On 5 December 2011 Dave Cairns appeared as a guest on BBC Two's, "Never Mind The Buzzcocks" (season 25, episode 10) hosted by Cilla Black with panel captains, Phill Jupitus and Noel Fielding and guests, Rizzle Kicks, Tiffany Stevenson, Holly Willoughby, Angelos Epithemiou to an audience of over two million UK viewers.

Dave Cairns continues to perform regularly with Secret Affair from 2009 to the current day playing UK dates and shows in 2011 Dublin, Madrid & Moscow, Tokyo and with 2012 shows in Siena, Glasgow, M-Fest Leeds, and a 13-date tour of the UK ending at The 229 Club London on 24 November 2012.
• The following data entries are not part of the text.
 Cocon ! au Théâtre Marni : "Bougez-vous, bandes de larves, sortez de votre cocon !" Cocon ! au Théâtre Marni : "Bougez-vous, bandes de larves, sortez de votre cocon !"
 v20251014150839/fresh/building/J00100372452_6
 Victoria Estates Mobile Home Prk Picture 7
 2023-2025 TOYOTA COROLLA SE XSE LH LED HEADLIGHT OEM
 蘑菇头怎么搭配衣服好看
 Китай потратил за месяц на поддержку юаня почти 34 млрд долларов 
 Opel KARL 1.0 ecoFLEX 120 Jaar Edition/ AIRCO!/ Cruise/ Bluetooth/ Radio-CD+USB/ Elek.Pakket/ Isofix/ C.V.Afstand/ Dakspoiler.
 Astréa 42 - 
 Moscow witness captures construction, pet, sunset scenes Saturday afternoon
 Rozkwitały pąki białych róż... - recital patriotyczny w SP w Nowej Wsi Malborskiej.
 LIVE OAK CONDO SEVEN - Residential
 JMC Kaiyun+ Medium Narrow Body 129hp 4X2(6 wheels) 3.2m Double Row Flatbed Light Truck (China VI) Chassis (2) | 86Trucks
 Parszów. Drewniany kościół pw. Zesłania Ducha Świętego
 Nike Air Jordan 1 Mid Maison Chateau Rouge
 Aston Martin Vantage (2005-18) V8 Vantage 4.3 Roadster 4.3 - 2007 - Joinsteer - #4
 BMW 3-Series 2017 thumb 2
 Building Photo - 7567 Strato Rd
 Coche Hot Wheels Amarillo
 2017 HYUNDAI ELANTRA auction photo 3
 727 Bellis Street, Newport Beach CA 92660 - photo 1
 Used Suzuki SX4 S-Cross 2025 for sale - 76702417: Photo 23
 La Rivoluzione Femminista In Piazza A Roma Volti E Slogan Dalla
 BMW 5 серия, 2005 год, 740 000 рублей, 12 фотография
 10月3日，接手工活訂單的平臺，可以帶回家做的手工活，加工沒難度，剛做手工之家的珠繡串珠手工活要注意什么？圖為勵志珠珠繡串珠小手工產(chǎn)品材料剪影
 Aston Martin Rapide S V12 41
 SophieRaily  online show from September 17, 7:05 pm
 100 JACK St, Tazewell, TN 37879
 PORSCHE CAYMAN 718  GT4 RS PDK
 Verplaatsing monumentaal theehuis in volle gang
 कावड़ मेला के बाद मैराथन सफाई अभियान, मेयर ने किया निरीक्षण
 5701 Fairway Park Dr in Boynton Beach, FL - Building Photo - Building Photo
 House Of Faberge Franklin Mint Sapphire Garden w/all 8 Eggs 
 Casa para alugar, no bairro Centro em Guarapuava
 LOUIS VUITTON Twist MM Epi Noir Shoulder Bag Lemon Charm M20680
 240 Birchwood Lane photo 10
Secret Affair released their fourth studio album, Soho Dreams, after a 30-year absence, on their I-SPY Records label on
10 September 2012 and continued to tour throughout 2014.
'Est 1979' The Sony BMG Secret Affair 35th Anniversary 4 album box set was released in January 2015. The band celebrated their 40th anniversary in 2019 with a 14-date UK spring tour.

In the past Cairns has written and produced music for TV commercials, including Lee Cooper (entitled 'Ace Faces' 1980), Toyota, Ford, and Raymond Weil watches (a classical piece entitled 'Precision Movements'1995) and winner of the 1995 London International Advertising Awards.

On 21 April 2017 the second album by Walk on Fire, Mind Over Matter, was released on the AOR record label, Escape Music. and was written and produced by David Cairns back in 1990.